Warning over low-cost mortgage from Lloyds

22 July 2009

Borrowers have been urged not to fall for mortgages that offer an initially low rate as they could end up being more expensive in the long-run.

A new three-year fixed-rate mortgage from Lloyds TSB offers an introductory rate of just 2.59% - the cheapest rate on the market. However, this rate only lasts until February, when it increases to 5.59%.

Lloyds TSB says the Easy Step mortgage, which is available to people who have a deposit of at least 25% to put down, is designed for homebuyers who need extra cash within the first few months of buying to meet removal costs.

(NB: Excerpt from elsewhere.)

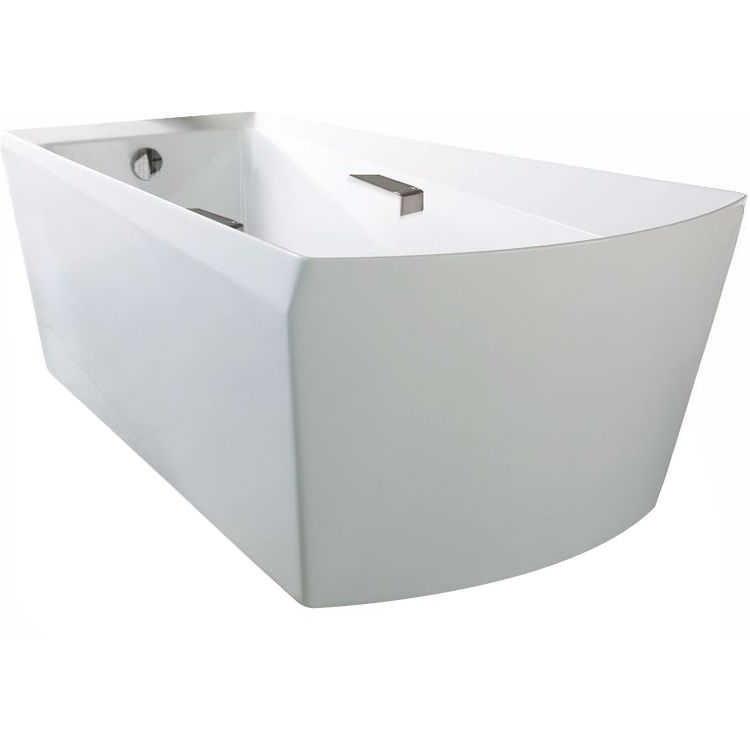 TOTO ABF964N01DPN Cotton White Soiree Free Standing Bathtub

It estimates these can add up to at least £3,850. "Upfront costs such as legal fees or stamp duty can discourage potential buyers from making that purchase,” says Stephen Noakes, commercial director of mortgages at Lloyds. “The low initial payments of the Easy Step mortgage give the option of some breathing space to get on top of these costs.”

However, mortgage brokers say the mortgage does not offer borrowers good value.

“The concept of people paying a lower rate at the start in order to meet moving costs is flawed and will only appeal to people who don’t think it through,” says Ray Boulger, senior technical manager at John Charcol.

He recommends that anyone considering a tiered product such as Lloyds’ Easy Step mortgage, work out what the average rate is: “If this is competitive, then it’s worth considering. If it isn’t, you should look elsewhere.”

The average rate on the Easy Step mortgage is actually slightly tricky to calculate; the initial low rate lasts until 28 February 2010, but the length of time borrowers receive this will depend on when their purchase completes. According to John Charcol, the average buyer should factor in around four months from when an offer is made before they complete.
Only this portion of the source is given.